Example of a painted crosswalk, in an unspecified location. (Photo:

Or maybe go all-out and put in a few raised crosswalks like the one below. They're not speed bumps, but they're visual speed bumps. Encountering even one of these will put a motorist on alert mentally that pedestrians are likely to be present, and they are to be given their due respect.

Example of a raised crosswalk, in an unspecified location. (Photo:

At times, Stockton is unnecessarily wide, and that creates a "highway" feel that makes drivers think it's OK to drive faster. Reduce those wide sections as often as possible. One stretch of Stockton at 1800 north by the Farm in the Zoo has no parking on one side allowed because the space is supposedly reserved for "charter buses", but there are never any buses there.
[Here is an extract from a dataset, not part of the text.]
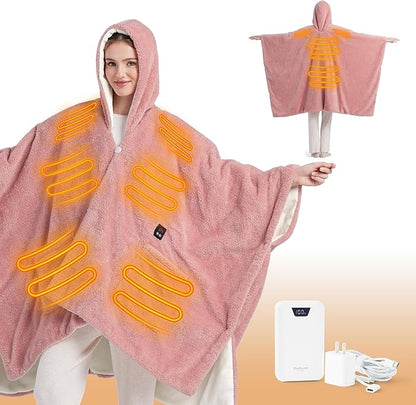 Bedsure Cordless Wearable Heated Blanket - Fluffy Electric Blanket Hoodie with 20000mAh Battery Pack, Portable USB Heated Shawl as Winter Gifts for Women Mom, 4 Heat Levels & 4 Timers, 55"x69", Pink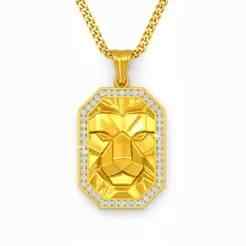 Gold Lion Pendant Necklace STL 3D Model for Jewelry – One Inch Pendant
The emptiness makes passing drivers hit the gas, and endangers pedestrians. Why not direct all buses to use the massive Lincoln Park Zoo parking lot, which has an area expressly reserved for them? Then, parking for the public can be added here (yes, added!), which would effectively narrow the street, make motorists slow down, and pedestrians would benefit.

Stockton Drive is unnecessarily wide at times. (Photo:

Finally, we could use better enforcement by police of the new law requiring cars to STOP for pedestrians in a crosswalk. Maybe if all the measures above are undertaken, motorists will respond favorably due to the visual clues they are given, and ticketing won't be necessary. 

Do you have any additional suggestions on how to make Stockton Drive or similar streets safer for pedestrians?